Par un contrat de cautionnement de type Visale, la société ACTION LOGEMENT SERVICES s’est portée caution de Mme [T] [U] pour le paiement des loyers et charges et indemnités d’occupation notamment.
Des loyers étant demeurés impayés et après indemnisation du bailleur, la société ACTION LOGEMENT SERVICES a fait signifier à Mme [T] [U] par acte de commissaire de justice du 1er juillet 2025, un commandement de payer sous deux mois la somme de
2 423,03 euros correspondant à l’arriéré locatif au 30 juin 2025 s’agissant des loyers et charges d’avril, mai et juin 2025 restés impayés, et visant la clause résolutoire contractuelle.
La commission de coordinations des actions de prévention des expulsions locatives a été informée de la situation de Mme [T] [U] le 02 juillet 2025.
Par acte de commissaire de justice en date du 22 septembre 2025 à étude, la société ACTION LOGEMENT SERVICES en sa qualité de caution subrogée dans les droits du bailleur a fait assigner Mme [T] [U] devant le juge des contentieux de la protection du tribunal judiciaire de Paris aux fins de voir, sous le bénéfice de l’exécution provisoire :
— déclarer acquise la clause résolutoire et subsidiairement prononcer la résiliation du contrat de bail aux torts et griefs du preneur,
— ordonner l’expulsion de Mme [T] [U] et de tout occupant de son chef avec le concours de la force publique si besoin est,
— la condamner à lui payer la somme de 4 848,06 euros avec intérêts légaux à compter du commandement de payer du 1er juillet 2025 sur la somme de 2 423,03 euros et de l’assignation pour le surplus, ainsi qu’une indemnité d’occupation jusqu’à libération effective des lieux d’un montant mensuel égal au montant du loyer et des charges si le bail s’était poursuivi, dès lors que les paiements seront justifiés par une quittance subrogative,
— la condamner à lui payer la somme de 800 euros sur le fondement de l’article 700 du code de procédure civile, outre aux entiers dépens.
L’assignation a été notifiée au représentant de l’État dans le département le 24 septembre 2025. Toutefois, aucun diagnostic social et financier n’est parvenu au greffe avant l’audience.
A l’audience du 15 janvier 2026, l’affaire a été appelée et retenue. La société ACTION LOGEMENT SERVICES représentée par son conseil sollicite le bénéfice de son acte introductif d’instance et actualise sa créance à la somme de 5 656,07 euros selon décompte en date du 07 novembre 2025 et quittances subrogative du bailleur.
Bien que régulièrement assignée à étude, Mme [T] [U] n’a pas comparu et ne s’est pas fait représenter.
À l’issue des débats, la décision a été mise en délibéré au 13 mars 2026 par mise à disposition au greffe.
MOTIFS DE LA DECISION
Aux termes de l’article 472 du code de procédure civile, si le défendeur ne comparaît pas, il est néanmoins statué sur le fond. Le juge ne fait droit à la demande que dans la mesure où il l’estime régulière, recevable et bien fondée.
Il sera rappelé qu’aux termes de l’article 2306 du code civil, la caution qui a payé la dette est subrogée dans tous les droits qu’avait le créancier de son débiteur.

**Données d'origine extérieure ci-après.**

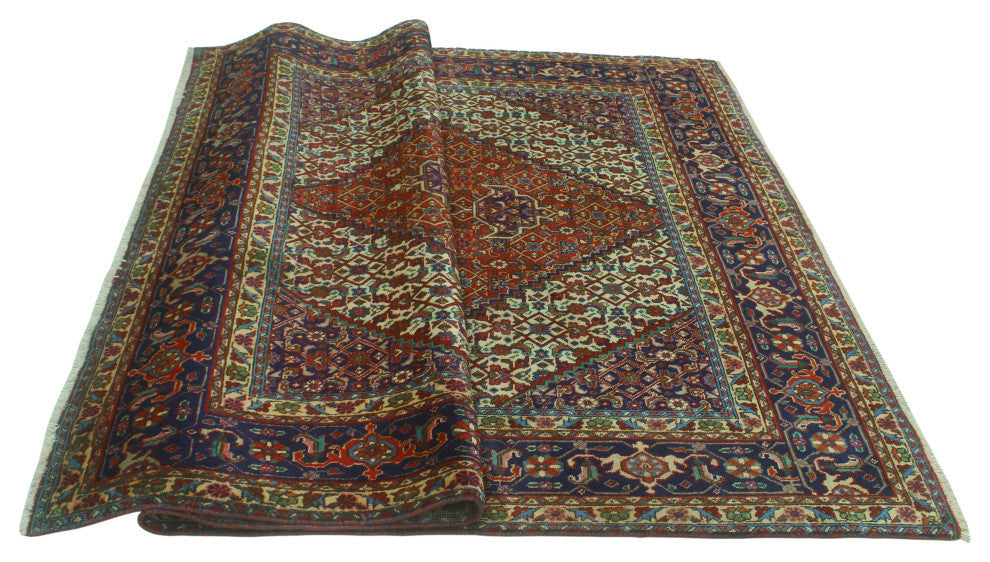 Fine Vintage Distressed Norbert Red/Navy Rug, 6'7x9'9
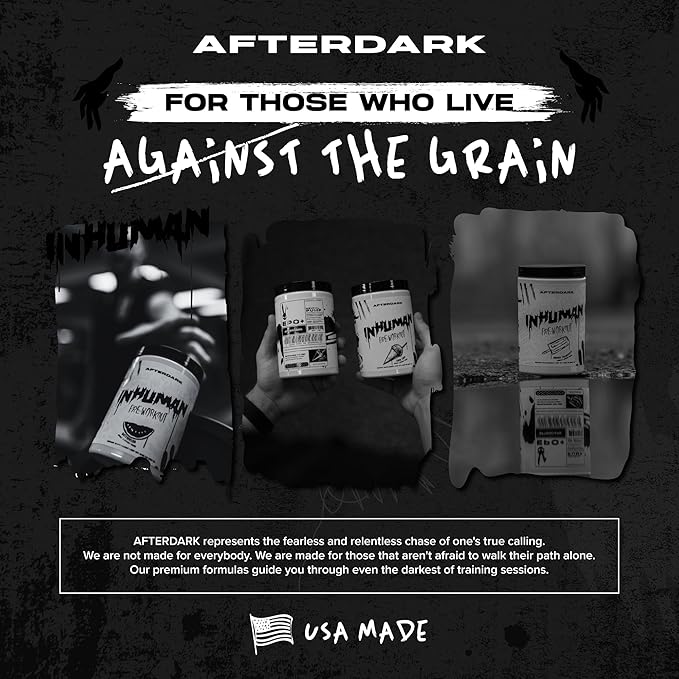 AFTERDARK INHUMAN Pre-Workout Powder, Enhanced Mind-Muscle Connection, Sustained Energy, Potent Nootropic Blend, Vegan, Gluten-Free, Soy-Free, 400mg Caffeine, No Crash, Candy Rope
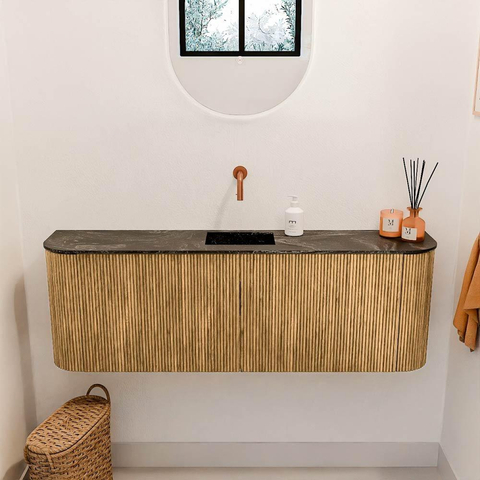 Mondiaz JOYA-DLUX 123.2cm toiletmeubel - ronding links en rechts kleur Oak - Wastafel FAYE positie Midden Zonder kraangat kleur Lava. SW1422100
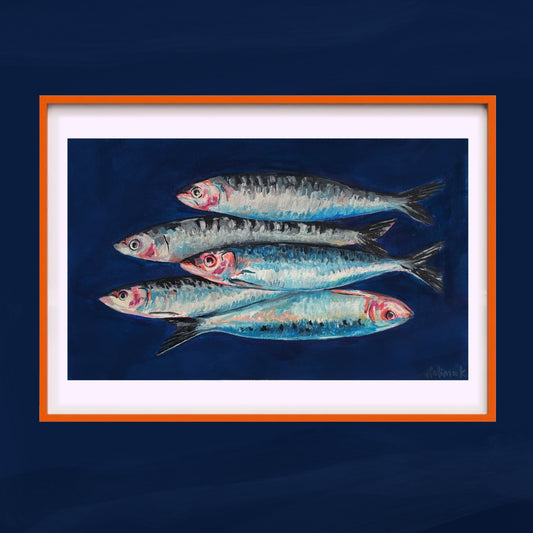 orange framed artwork of four fish on a blue background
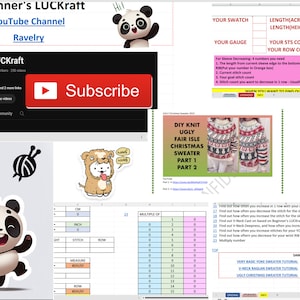 Może przedstawiać: Zrzut ekranu z kanału YouTube Beginner's LUCKraft, z logo przedstawiającym pandę i czerwonym przyciskiem z napisem „Subskrybuj”. Kanał dotyczy robótek na drutach i zawiera samouczek dotyczący robienia na drutach brzydkiego swetra w stylu Fair Isle na Boże Narodzenie.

En l’espèce, le contrat de cautionnement reprend les conditions permettant l’engagement de caution de la société ACTION LOGEMENT SERVICES et le fait que les quittances qui lui sont délivrées la subrogent dans tous les droits et actions du bailleur sur les sommes versées. La subrogation permet à la caution d’agir en recouvrement des sommes versées, en constatation de l’acquisition de la clause résolutoire ou en résiliation judiciaire du contrat de bail, ainsi qu’en fixation d’une indemnité d’occupation.
La société ACTION LOGEMENT SERVICES produit les quittances subrogatives visant les sommes qu’elle a versées.
Il en résulte que la société ACTION LOGEMENT SERVICES est subrogée dans les droits et actions du bailleur, M. [S] [I] [H].
Sur la recevabilité de l’action
La société ACTION LOGEMENT SERVICES justifie avoir saisi la Commission de coordination des actions de prévention des expulsions locatives au moins deux mois avant l’assignation et avoir notifié l’assignation au représentant de l’État dans le département au moins six semaines avant l’audience.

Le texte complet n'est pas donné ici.